Afterwards, we sat in the airplane and went over checklists and the new flows I'd need to know. 83Mike is a Piper Cherokee Arrow III (PA-28R-201). This means it has a 200 hp Lycoming IO-360-C1C engine, but more important from the pilot's point of view it is a complex aircraft as it has a constant-speed propeller, retractable landing gear and flaps. So in addition to the instruments I was familiar with (and the fact that they're in different places on this airplane) it also has:

  • A manifold pressure gauge
  • A fuel flow gauge
  • A fuel pressure gauge
  • Landing gear control and indicators

In addition, this particular airplane has a Garmin 430 aviation GPS system hooked to a HSI, and an honest-to-gawd autopilot (although the one in this airplane only works for heading and not altitude, nor can it be slaved to the nav systems. It's a better airplane, but it's still a relatively old trainer :-) ) Also, an electric auxiliary fuel pump, alternate engine air intakes, and so forth.

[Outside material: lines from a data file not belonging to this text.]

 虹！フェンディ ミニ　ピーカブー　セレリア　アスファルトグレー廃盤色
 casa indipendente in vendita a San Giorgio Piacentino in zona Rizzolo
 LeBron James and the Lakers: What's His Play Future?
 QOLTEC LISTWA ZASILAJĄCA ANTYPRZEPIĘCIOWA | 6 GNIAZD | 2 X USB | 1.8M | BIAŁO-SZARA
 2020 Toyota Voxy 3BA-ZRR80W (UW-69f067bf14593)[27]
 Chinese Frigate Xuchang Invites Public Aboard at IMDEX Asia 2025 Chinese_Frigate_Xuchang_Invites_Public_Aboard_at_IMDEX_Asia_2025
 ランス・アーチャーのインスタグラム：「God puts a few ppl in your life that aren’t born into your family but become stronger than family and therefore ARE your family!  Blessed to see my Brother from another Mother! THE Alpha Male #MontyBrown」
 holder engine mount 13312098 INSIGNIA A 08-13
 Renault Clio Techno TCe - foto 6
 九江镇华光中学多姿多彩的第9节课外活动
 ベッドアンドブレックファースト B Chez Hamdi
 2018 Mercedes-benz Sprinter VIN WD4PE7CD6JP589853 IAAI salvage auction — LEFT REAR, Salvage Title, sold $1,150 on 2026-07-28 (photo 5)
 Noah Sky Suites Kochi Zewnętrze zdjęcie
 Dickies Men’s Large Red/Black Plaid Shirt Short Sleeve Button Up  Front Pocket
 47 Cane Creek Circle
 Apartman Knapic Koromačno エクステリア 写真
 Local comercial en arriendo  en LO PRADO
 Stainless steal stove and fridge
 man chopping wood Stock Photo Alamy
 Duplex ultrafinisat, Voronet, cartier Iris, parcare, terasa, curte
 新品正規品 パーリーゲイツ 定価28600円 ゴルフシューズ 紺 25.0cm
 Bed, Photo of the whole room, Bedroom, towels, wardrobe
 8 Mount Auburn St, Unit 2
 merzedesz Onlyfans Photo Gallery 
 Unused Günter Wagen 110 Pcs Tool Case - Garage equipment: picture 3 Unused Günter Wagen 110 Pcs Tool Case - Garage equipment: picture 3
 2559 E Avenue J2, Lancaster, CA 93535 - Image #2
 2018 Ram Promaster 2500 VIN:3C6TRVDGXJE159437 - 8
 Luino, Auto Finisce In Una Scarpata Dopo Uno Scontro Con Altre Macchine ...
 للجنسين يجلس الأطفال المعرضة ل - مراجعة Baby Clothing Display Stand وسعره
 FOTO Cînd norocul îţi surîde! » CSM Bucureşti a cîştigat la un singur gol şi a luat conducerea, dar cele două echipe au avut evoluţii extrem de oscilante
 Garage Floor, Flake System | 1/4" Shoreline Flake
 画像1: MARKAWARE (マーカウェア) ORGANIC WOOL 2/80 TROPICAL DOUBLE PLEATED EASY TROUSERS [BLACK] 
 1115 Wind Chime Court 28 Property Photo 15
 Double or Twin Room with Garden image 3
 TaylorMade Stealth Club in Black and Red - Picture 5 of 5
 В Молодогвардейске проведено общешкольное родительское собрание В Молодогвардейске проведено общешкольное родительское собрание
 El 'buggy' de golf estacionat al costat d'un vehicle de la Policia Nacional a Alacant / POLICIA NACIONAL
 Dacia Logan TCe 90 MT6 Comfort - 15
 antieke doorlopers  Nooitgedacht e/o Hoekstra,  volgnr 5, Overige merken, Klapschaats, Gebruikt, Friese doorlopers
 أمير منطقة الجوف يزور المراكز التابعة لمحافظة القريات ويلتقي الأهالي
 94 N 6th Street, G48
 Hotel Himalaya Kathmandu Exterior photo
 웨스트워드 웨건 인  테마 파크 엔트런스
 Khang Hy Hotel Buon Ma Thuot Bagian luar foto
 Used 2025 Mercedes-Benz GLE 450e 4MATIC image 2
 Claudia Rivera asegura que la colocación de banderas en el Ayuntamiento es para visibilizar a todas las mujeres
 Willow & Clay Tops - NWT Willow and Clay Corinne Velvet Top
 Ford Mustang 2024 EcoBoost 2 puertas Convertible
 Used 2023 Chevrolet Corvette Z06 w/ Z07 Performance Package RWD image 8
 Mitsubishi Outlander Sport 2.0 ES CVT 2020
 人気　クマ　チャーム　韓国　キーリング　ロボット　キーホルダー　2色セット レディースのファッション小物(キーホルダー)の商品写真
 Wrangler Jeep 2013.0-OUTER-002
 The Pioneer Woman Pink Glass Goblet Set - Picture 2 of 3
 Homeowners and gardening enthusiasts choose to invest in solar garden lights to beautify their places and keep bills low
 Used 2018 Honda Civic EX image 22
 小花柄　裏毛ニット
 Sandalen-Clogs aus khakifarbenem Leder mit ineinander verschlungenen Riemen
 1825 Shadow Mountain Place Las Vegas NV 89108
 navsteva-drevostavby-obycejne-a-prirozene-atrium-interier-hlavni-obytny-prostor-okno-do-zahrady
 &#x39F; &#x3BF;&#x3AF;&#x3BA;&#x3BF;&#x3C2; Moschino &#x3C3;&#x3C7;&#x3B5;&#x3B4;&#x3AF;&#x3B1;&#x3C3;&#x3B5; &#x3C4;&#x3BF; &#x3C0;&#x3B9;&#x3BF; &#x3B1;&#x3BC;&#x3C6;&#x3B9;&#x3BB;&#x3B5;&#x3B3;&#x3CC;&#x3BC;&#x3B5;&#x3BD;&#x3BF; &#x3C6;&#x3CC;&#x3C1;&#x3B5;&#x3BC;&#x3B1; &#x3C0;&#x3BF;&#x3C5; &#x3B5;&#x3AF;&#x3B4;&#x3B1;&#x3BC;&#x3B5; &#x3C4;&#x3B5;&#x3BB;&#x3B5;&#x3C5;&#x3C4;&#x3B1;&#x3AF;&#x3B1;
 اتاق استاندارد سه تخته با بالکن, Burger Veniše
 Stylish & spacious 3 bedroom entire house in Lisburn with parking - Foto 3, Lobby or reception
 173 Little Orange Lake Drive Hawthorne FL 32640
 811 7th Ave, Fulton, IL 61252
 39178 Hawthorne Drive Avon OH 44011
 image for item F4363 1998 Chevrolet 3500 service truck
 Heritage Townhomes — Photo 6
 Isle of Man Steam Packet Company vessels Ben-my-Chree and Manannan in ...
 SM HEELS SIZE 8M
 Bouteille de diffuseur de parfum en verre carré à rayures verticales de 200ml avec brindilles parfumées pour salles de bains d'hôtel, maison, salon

So we spent twenty minutes sitting in the airplane and running checklists, and my proving to him that I could find gauges when given their name, and (because he maintains it's useful, and I agree) proving that I could find various controls without looking at them.

Then we spent 30 minutes doing a slow and careful preflight walk-around, with checklists, with him explaining each system and part to me as well as telling me what warning signs to look for that aren't on the checklist. Examples: The landing gear actuators are hydraulic, so look for red hydraulic fluid leaks around the actuator cylinders. The stall warning on the Arrow, rather than being an airflow inlet, is a small metal rocker switch, so make sure it moves easily and has positive feedback when it clicks forward. The gas tanks have a metal tab in them that, when just covered, indicates 25 gallons usable fuel in that tank (36 usable total in each when full). Also he explain this airplanes particular foibles, to wit: The tach is balky until it's done its first cycle of the day (takeoff/landing, or at least twenty minutes in the air). The right fuel tank indicator is way off. The autopilot doesn't work on nav mode and doesn't hold altitude (this isn't 'broken', it's been deactivated and has INOP indicators on the controls); the only mode that works is 'HDG' (heading) and that is so noted.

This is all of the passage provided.